Hmm. I think you need a much stronger word than wanker.
Moran?
freekin’ mental midgets…this guy shoulda been laughed out of town the minute he opened his mouth…but now he’s a US Senator.
he’s a board certified wanker, indeed.
How did this asshat become a doctor of any sort? Who lets him operate on their eyes? But to be honest, he fits in with most of the mental midgets in the Senate.
Right. If I spend money to have Rand Paul fix my eyes so I can read and do my job, I must be some kind of jerkoff because I’ve just spent money to make money.
I have to assume that Rand Paul is also not a believer in changing the oil in his car, brushing his teeth, etc, etc.
This is the type of extremist economic bullshit that sounds great to a frighteningly large percentage of people who are either unable or unwilling to put in the requisite two seconds of critical thought into debunking it.
Kudos to Franken and Sanders for calling him on his asininity.
What’s even more headshaking is that Paul’s brand of libertarianism worships the free market, and one of the most basic truths in capitalism is the strategy of spending money to make more money. Same principle: losing money up front to get a better result down the road. Idiot.
Of course, by his very own logic, the fact that he’s now drawing a public salary is proof positive he couldn’t cut it in the private sector. Now we can see why.
We often get fixated on silly statements like Rand Paul’s.
We forget.
Rhetorical tricks don’t have to make sense. They just have to superficially convince.
It’s just like the analogy of the US budget to family finances. Families don’t have the implicit or explicit power to tax employers; they can’t raise wages by passing a bill. Congress has the power to do both of those, but is not willing to use it.
Consider that the interest on the national debt ($412 billion in 2010) represents 18.74% of the budget. That represents primarily a transfer of wealth from all taxpayers to folks who are holders of US Treasury bills (the big ones not Savings Bonds). That represents a $412 billion transfer to affluent if not wealthy Americans, to corporations, and to foreign Treasury bill holders. So now Rand Paul wants to deny $2 billion from going to the folks who have been paying 18% of their taxes, not to the government but through the government to the rich.
There is one argument for eliminating the deficit and paying down the national debt. It ends the dooH niboR tax policy. That is also an argument for why the rich need to pay disproportionately more in taxes than even the repeal of the Bush tax cuts would impose. And why corporations need to pay taxes more in line with their net incomes (i.e. close the loopholes).
The sooner we get back on the fiscal path we were on in 2000 in which it would have been possible to pay down the national debt in 20 years, the better.
But that requires government spending on education, infrastructure, research, and healthcare. And cuts to military adventures. And a highly progressive tax system.
But Rand Paul is not exercising logic, he is exercising rhetoric. More specifically he is spouting talking points scripted by Koch-fund thinktanks, passed through Koch-fund media personalities, provided by Koch-funded lobbyists to Koch-funded politicians like Rand Paul. Which is why Paul comes off looking like Mortimer Snerd.

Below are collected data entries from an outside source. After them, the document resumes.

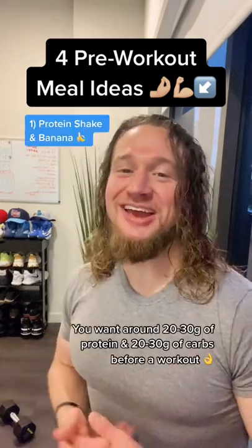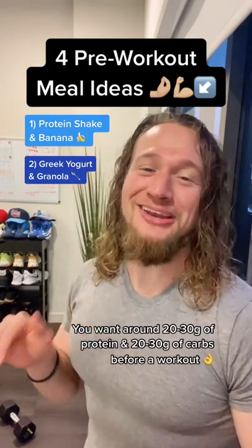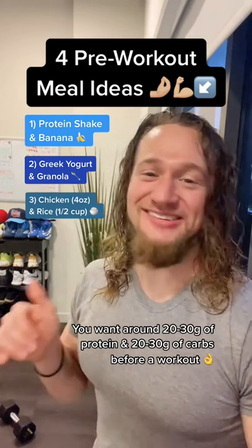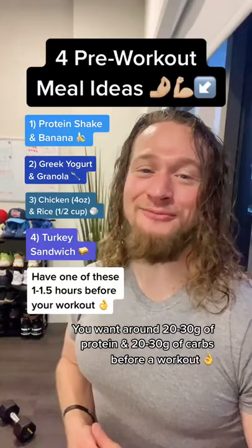There are four pre-workout meal ideas: one, protein shake and a banana; two, Greek yogurt with a little bit of granola; three, about four ounces of chicken and about a half cup of rice; four, a turkey sandwich. Have one of those about an hour to an hour and a half before you work out and make it a great workout.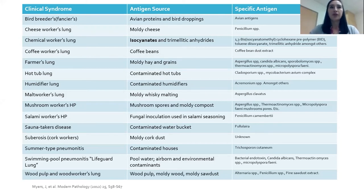Hypersensitivity pneumonitis is caused by organic exposures in the environment. There are many types depending on the exposure — bird breeder's lung, cheese worker's lung, salami worker's lung — with different antigens including bacteria, molds, and fungi. This table is not exhaustive but illustrates the variety of causes.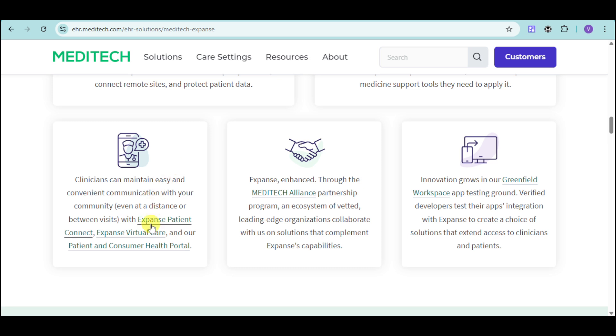Meditech helps clinicians maintain easy communication with their community, even at a distance or between visits, through Expanse Patient Connect, Expanse Virtual Care, and their patient and consumer care portal. The Meditech Alliance is a partnership program and ecosystem of vetted, leading-edge organizations that collaborate on solutions complementing Expanse's capabilities. Meditech also has a greenfield workspace and testing ground where verified developers test their app's integration with Expanse to create solutions that extend access to clinicians and patients.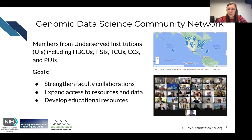This has motivated the creation of the Genomic Data Science Community Network. So far, it's about 26 members from underserved institutions across the United States — faculty and educators at historically Black colleges and universities, Hispanic serving institutions, tribal colleges and universities, and community colleges, with a focus on undergraduate students. We have a pretty fair geographic distribution across the US, representing 18 states, Puerto Rico, and Washington DC.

We should really save some money, and cut out the cost of insulation on federal building projects.
Why build the building in the first place. A bunch of milk crate stackable files, some folding chairs and card tables. And all employees required to have a internet-capable phone, paid for at their expense.
With this plan, you can lease out all those iconic government buildings or sell them to commercial realtors at today’s fire sale prices minus the “it comes from the government” discount.
Also replace limousines with retirement community tricycles for Congresscritters.
Why do we spend money on roads, water treatment and all other kinds of public infrastructure? Why is anything public at all? What if every particle on the planet was totally private interest?